Cities Have Always Been Popular on TV

It is somewhat popular now for self-described urbanists to use clever references to pop culture to explain how cities became popular again. For instance, Jeff Speck writes in The Walkable City (p. 20):
"Born as the baby boom ended, I grew up watching three television shows almost daily: Gilligan's Island, The Brady Bunch,  and The Partridge Family. While Gilligan's Island may have had little to say about urbanism, the other two were extremely instructive. They idealized the mid-twentieth-century suburban standard of low-slung houses on leafy lots, surrounded by more of the same...[note: Speck does mention that the shows that were urban all dealt with crime. Then he continues.]...Now, contrast my experience growing up in the seventies with that of a child growing up in or around the nineties, watching Seinfeld, Friends, and, eventually Sex and the City..."
Speck is not alone using TV shows as a touchstone of particular eras. Nearly all of the "back to the city" proponents use some variant of these shows, especially Friends for some reason. These pop culture analogies are compelling, and in this case oddly wrong.

I'm not sure why young people moving to cities is now treated as a new thing*, but so some people say. Speck alludes to two different types of TV shows, though. One is focused on families and the other is focused on young, single adults. Now, as it has always been, family shows tend to be single family suburban and young, singles tend to be in dense urban areas. These general observations may be even more accurate now than they were decades ago.

Here is a link to 1980s popular shows, many of which started in the 1970s. Three's Company, for instance, was about young, single people. Set in Santa Monica, the three shared an apartment, walked to the Reagle Beagle and did not own a car (they tried to buy one to share in season 2 in 1977/78). This sounds urban! One Day at Time was a rare family show set in an apartment that was not New York. The Cosby Show was also as urban as you can get. Taxi romanticized New York at a time when it was very hard to do. Even Joanie and Chachi moved from relatively suburban Milwaukee to the big city of Chicago as soon as they could. There just wasn't an obvious shift in locations or depictions of cities that mirrors any actual changes in attitudes toward cities, and this is especially true for young, single adults.

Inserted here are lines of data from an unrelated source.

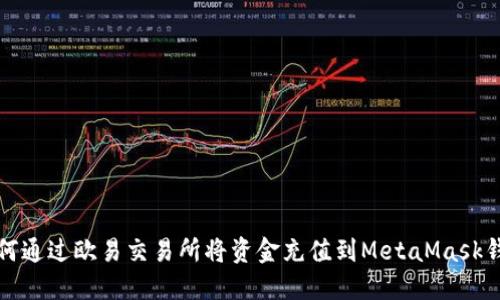 如何通过欧易交易所将资金充值到MetaMask钱包
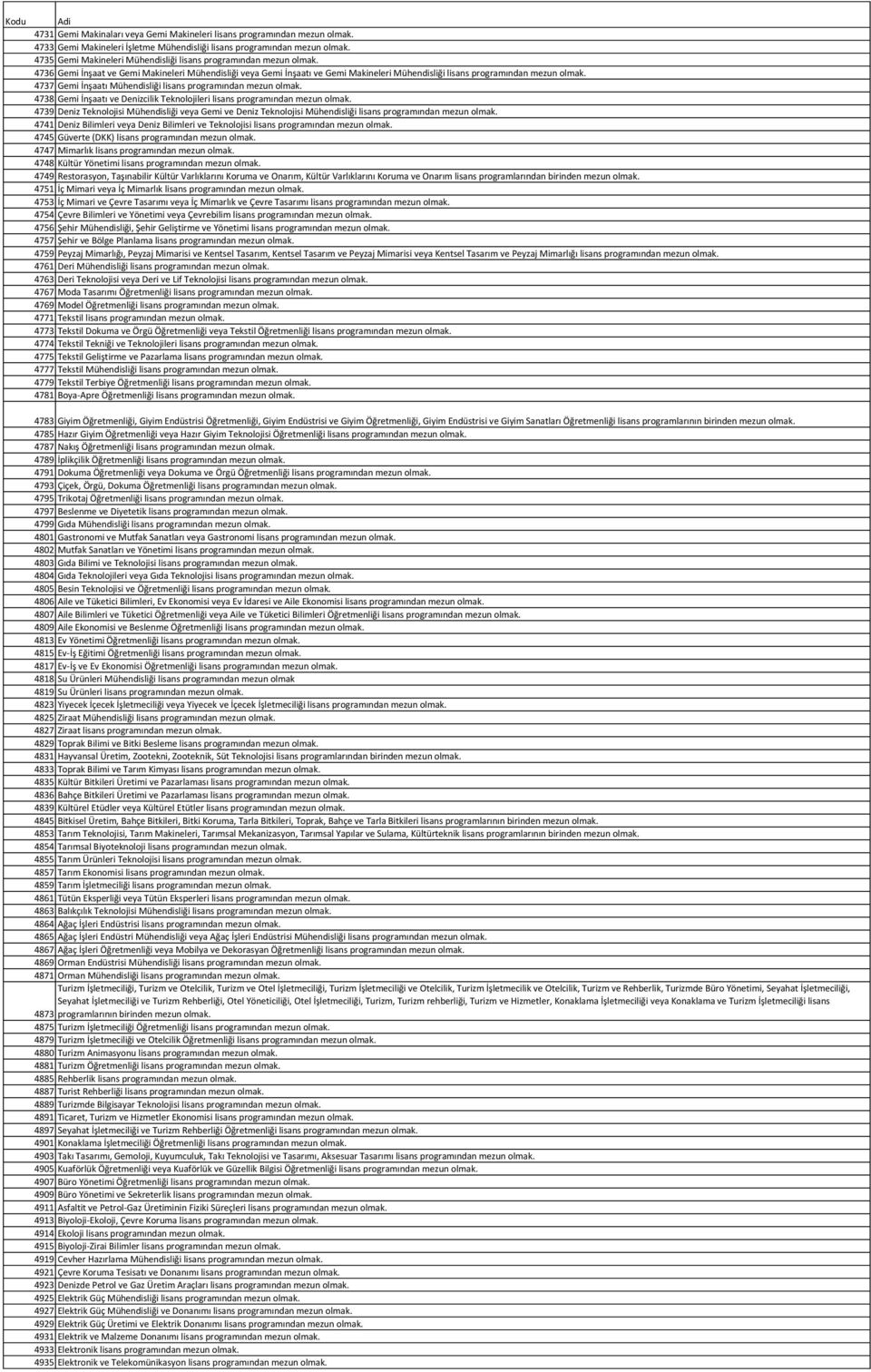 4737 Gemi İnşaatı Mühendisliği lisans programından mezun olmak. 4738 Gemi İnşaatı ve Denizcilik Teknolojileri lisans programından mezun olmak.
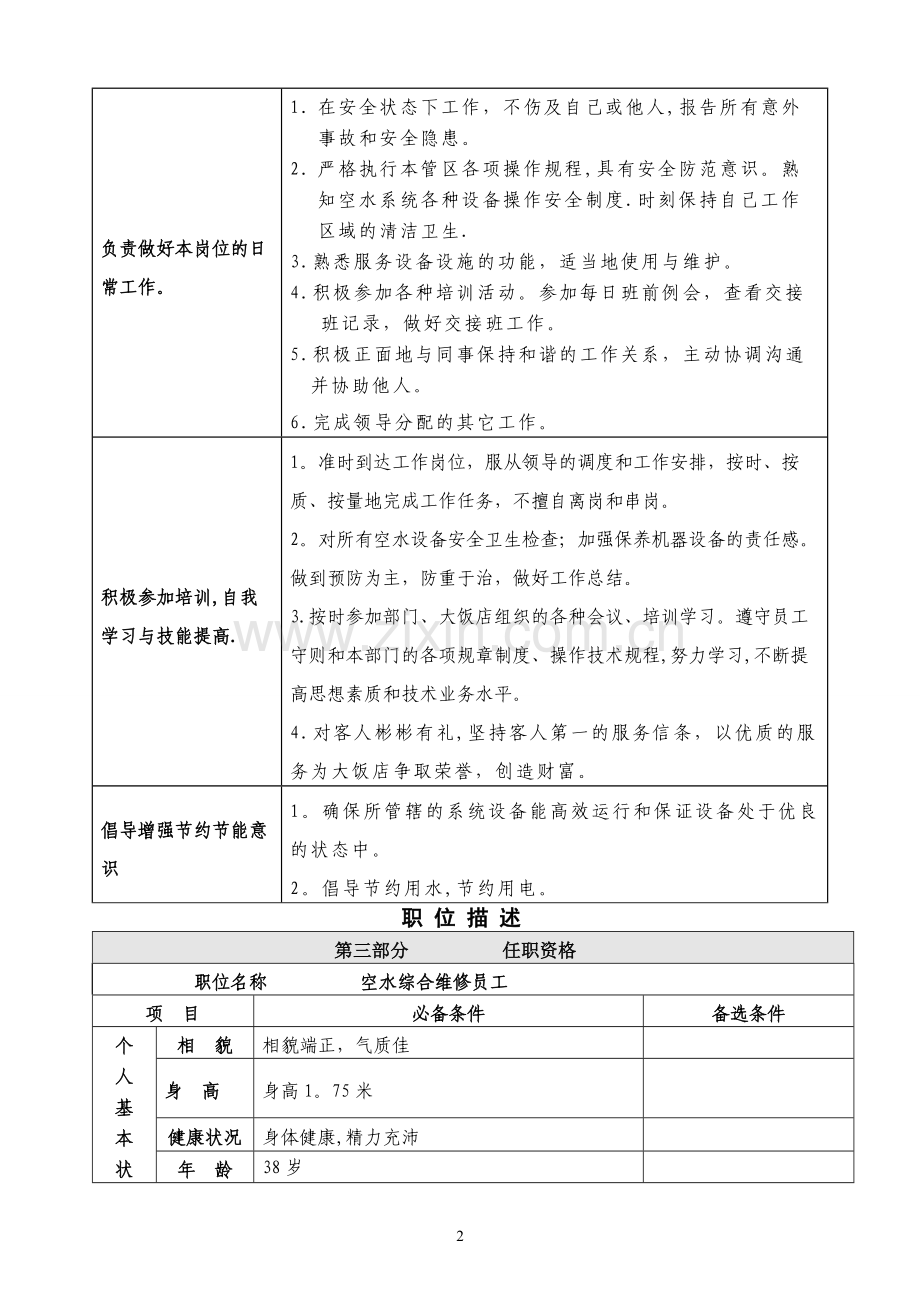 空水综合维修工岗位职责.doc_第2页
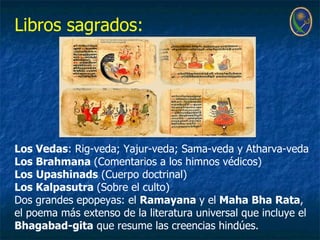Libros sagrados:




Los Vedas: Rig-veda; Yajur-veda; Sama-veda y Atharva-veda
Los Brahmana (Comentarios a los himnos védicos)
Los Upashinads (Cuerpo doctrinal)
Los Kalpasutra (Sobre el culto)
Dos grandes epopeyas: el Ramayana y el Maha Bha Rata,
el poema más extenso de la literatura universal que incluye el
Bhagabad-gita que resume las creencias hindúes.
 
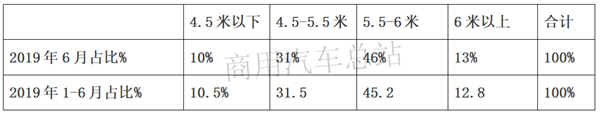 “大吨小标”治理下，2019年上半年轻卡市场销量排行榜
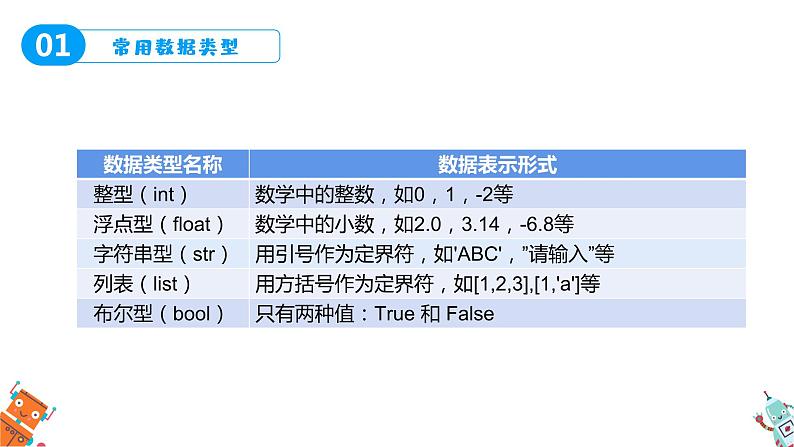 常用数据类型PPT课件免费下载04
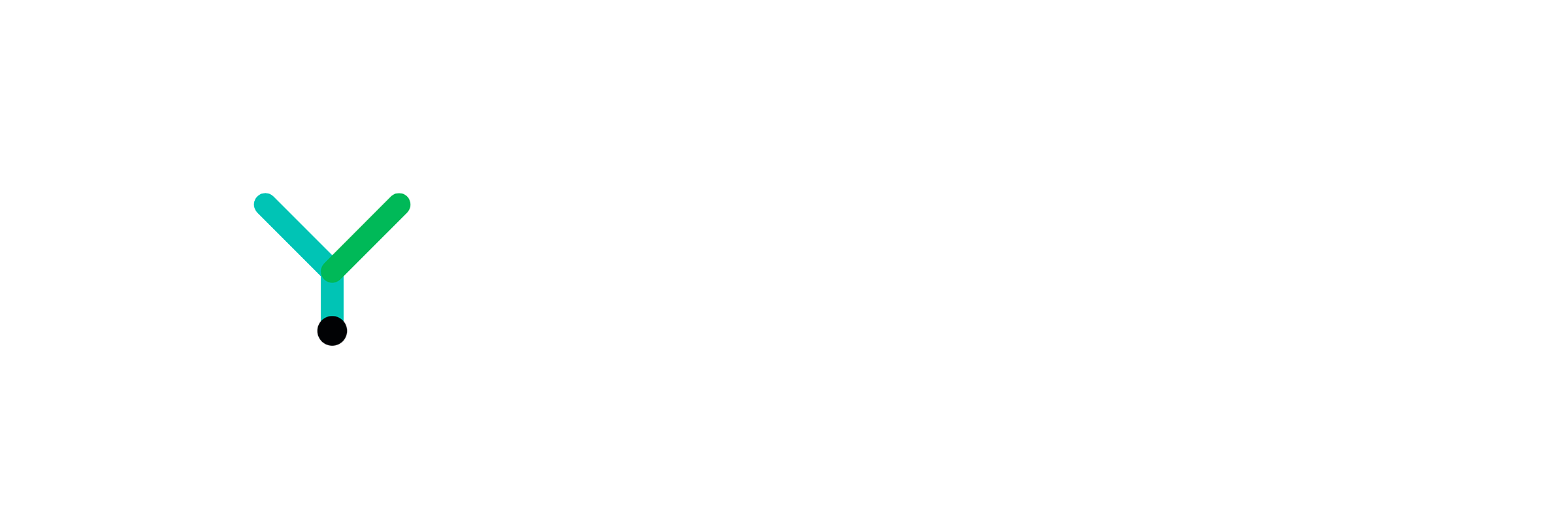 rysko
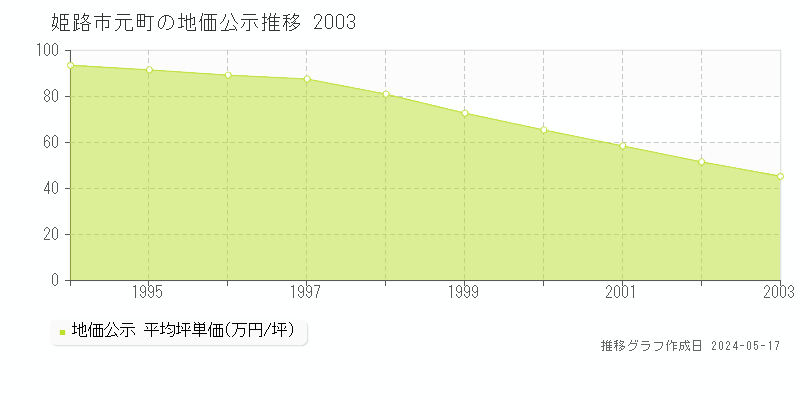 姫路市元町の地価公示推移グラフ 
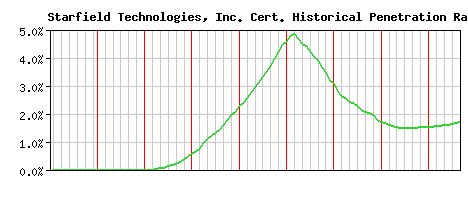 Starfield Technologies, Inc. CA Certificate Historical Market Share Graph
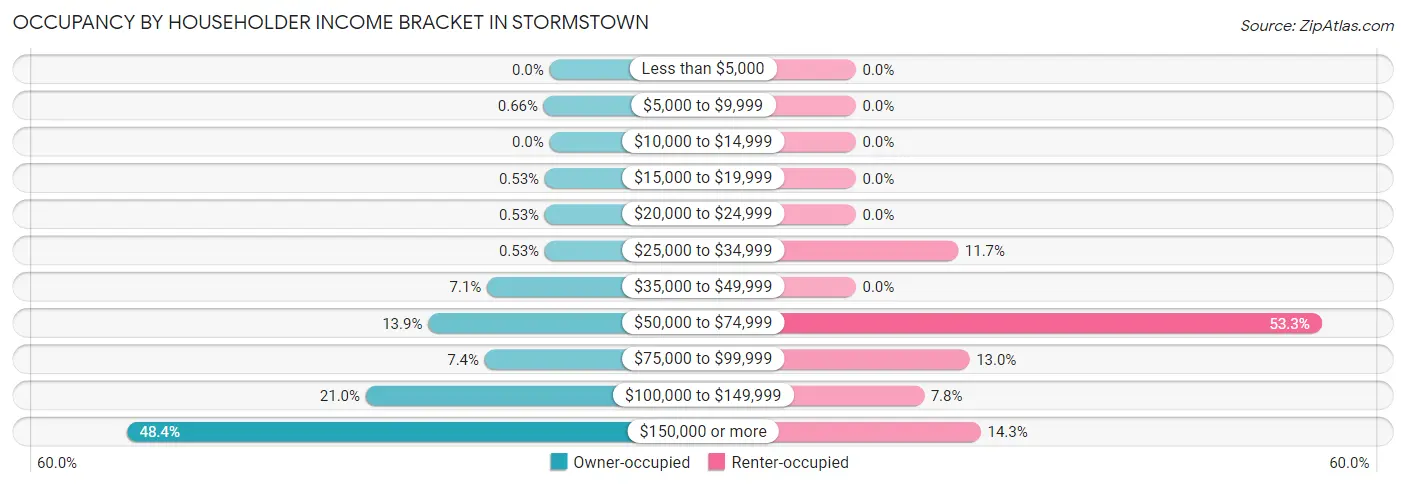 Occupancy by Householder Income Bracket in Stormstown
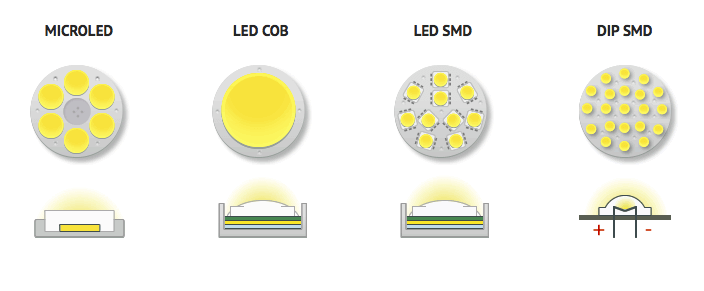 Bảng so sánh 3 loại Chip LED COB - SMD - DIP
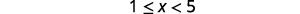 Simplify. The result is 1 is less than or equal to x which is less than 5.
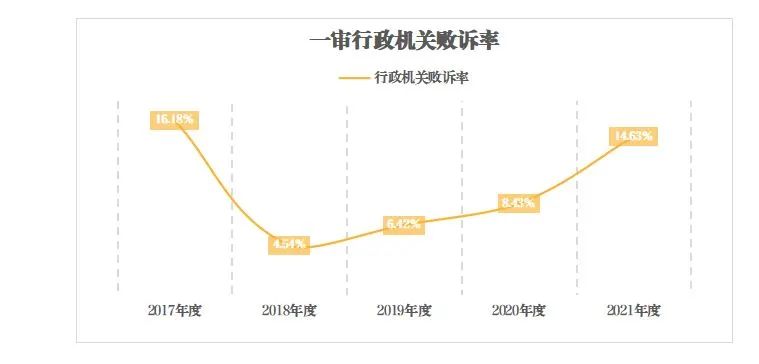 工伤认定成功率分析：专业律师介入如何提升工伤认定成功率与     效果
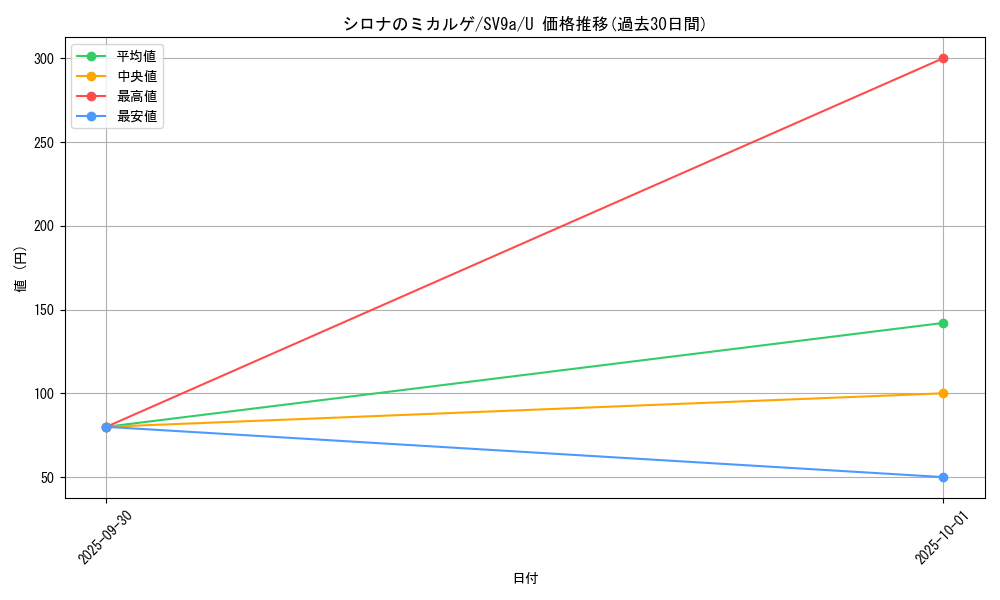 card_49029_series_61436_rarity_65215_graph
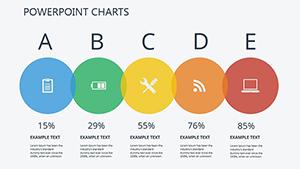 Variety of Goods PowerPoint Charts Template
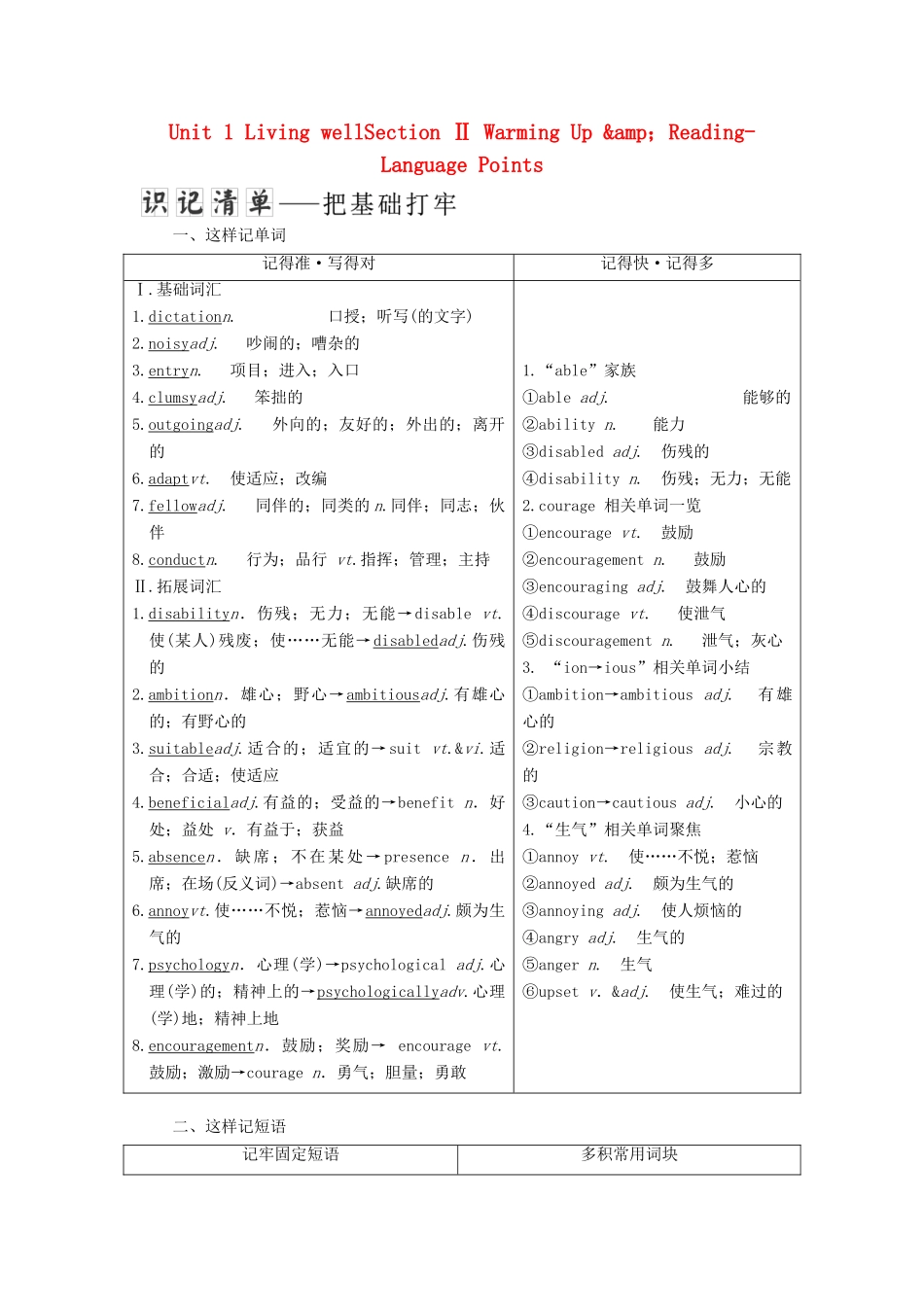 高中英语 Unit 1 Living wellSection Ⅱ Warming Up amp；Reading-Language Points教学案 新人教版选修7-新人教版高二选修7英语教学案_第1页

I certainly don't know about all of the TV shows out there in the world, but I don't know of any that featured young, single people rocking the suburbs. It would be a really boring show! So enough with the Friends and Sex in the City analogy. It doesn't logically or factually work. (Now is when I would go yell at the kids to get off my lawn if I had one.)



*More on this some other day, but young people have always moved to more urban areas. There has never been a mass migration of new, single college grads moving to the suburbs to live by themselves.Young families have, of course, but not singles to any large degree. Young, single people have always favored urban living because young people want to be where the action is.